If you turn on most news outlets, you will likely be bombarded by stories on climate change and its resulting natural disasters. Most viewers feel helpless and doubtful of their own personal impact on mitigating the climate crisis. But what about creating solutions by creating a dialogue across sectors and demographics? We both believe, together we can all take small yet deliberate steps toward a healthier future.
Now is the time to align your money choices with climate-conscious choices. It all starts with one decision toward action. Every one of us makes daily financial decisions that can make an impact on climate change.
Scientists, other related experts, and concerned citizens have been ringing the warning bells for decades about the perils of the climate crisis; and the proof of global warming is now playing out in real time.

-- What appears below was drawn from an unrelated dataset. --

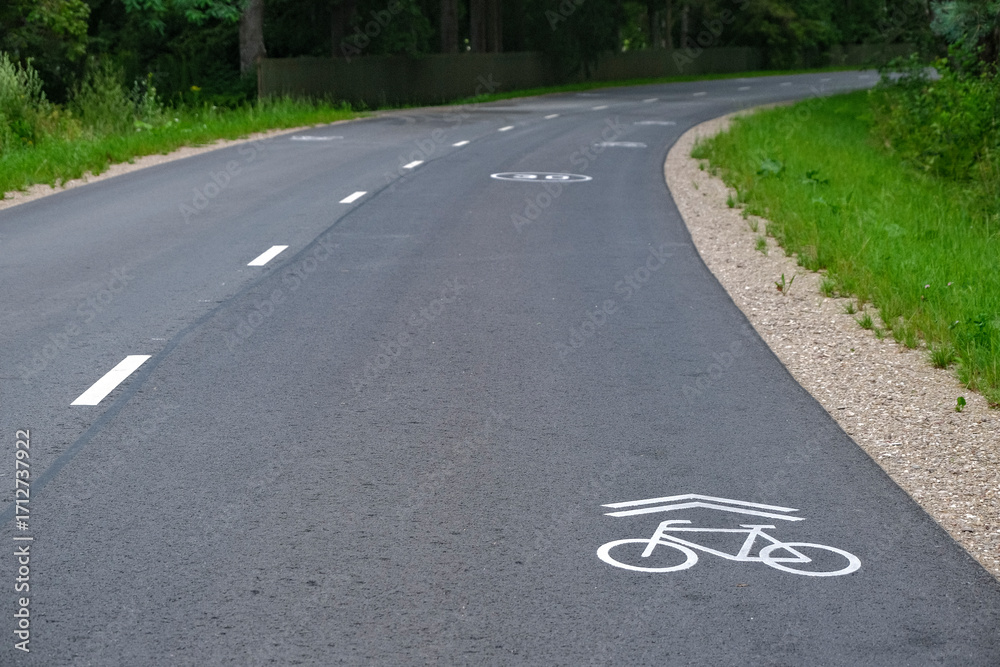 Obraz premium White Cycling sign painted on the road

Recent surveys show that more than 80% of Americans are willing to change their behavior concerning climate disruption, but most don’t know what they can do to be part of the solution. Younger generations are suffering mild to severe anxiety and depression due to their feelings of helplessness and despair about global warming. Many young people are harboring resentment toward their parents and grandparents for ignoring the necessity for action.
So, what is the fundamental cause of the climate disruption we’re experiencing? Global warming is a significant contributor. Specific molecules in our atmosphere interact with heat to keep the planet warm enough for life as we know it to survive. Adding too many of these molecules to our atmosphere increases the overall heat, which in turn leads to imbalances that ripple through the entire planetary system. Releasing and burning coal, oil, and natural gas are tipping the natural balance of carbon-based molecules in the atmosphere, subsequently warming our planet.
Humanity has come to rely on fossil fuel to be a significant energy source to drive our economy. However, innovative energy advancements have been remarkable in recent years, and alternative ways to use energy will profoundly affect the future of the planet. Will our Earth continue to heat up exponentially, or can our efforts as a society mitigate the worst of global warming? Now is the time to build both traditional knowledge and the innovation of today and tomorrow.
What can be done? The simple answer is: A lot. We can all start by making informed and conscious choices that align with our lifestyles, values, and a livable future. Under capitalism, our consumption choices drive the demand of how and what is produced.
Consider building habits of constructive and thoughtful spending. What are some examples? Organic, sustainably grown food, rather than processed junk food. Also, reusable products over disposable items should be the norm. Remember that reducing waste leads to more stability for the planet and your pocketbook. How much more plastic do you really need imported from China?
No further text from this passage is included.